» EXERCISE PROMPT:
Return exactly the lines below, starting with the one that has "2016 Hyundai Genesis - Image 6" and going on through the one that has "हुए Viral Video'".
(MATERIAL SHOWN)
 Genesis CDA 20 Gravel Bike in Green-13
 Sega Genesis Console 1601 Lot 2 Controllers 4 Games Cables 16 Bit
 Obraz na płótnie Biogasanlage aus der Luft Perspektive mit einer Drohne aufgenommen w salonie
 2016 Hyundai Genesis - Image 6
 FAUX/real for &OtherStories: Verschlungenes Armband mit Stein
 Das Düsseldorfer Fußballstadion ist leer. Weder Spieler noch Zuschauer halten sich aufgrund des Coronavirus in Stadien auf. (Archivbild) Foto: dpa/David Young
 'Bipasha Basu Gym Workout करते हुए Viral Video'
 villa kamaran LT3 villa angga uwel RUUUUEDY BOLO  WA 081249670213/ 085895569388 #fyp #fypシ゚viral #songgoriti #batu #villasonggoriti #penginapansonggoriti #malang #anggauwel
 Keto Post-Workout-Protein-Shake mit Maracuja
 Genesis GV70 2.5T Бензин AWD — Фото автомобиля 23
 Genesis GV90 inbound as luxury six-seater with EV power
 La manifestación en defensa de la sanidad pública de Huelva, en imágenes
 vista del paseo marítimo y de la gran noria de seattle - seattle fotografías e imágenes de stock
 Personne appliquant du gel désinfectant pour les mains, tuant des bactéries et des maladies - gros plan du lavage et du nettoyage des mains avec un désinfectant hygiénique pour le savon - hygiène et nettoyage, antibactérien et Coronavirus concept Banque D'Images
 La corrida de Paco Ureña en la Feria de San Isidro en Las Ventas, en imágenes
(End MATERIAL SHOWN)
» ANSWER TO THIS PROBLEM:
 2016 Hyundai Genesis - Image 6
 FAUX/real for &OtherStories: Verschlungenes Armband mit Stein
 Das Düsseldorfer Fußballstadion ist leer. Weder Spieler noch Zuschauer halten sich aufgrund des Coronavirus in Stadien auf. (Archivbild) Foto: dpa/David Young
 'Bipasha Basu Gym Workout करते हुए Viral Video'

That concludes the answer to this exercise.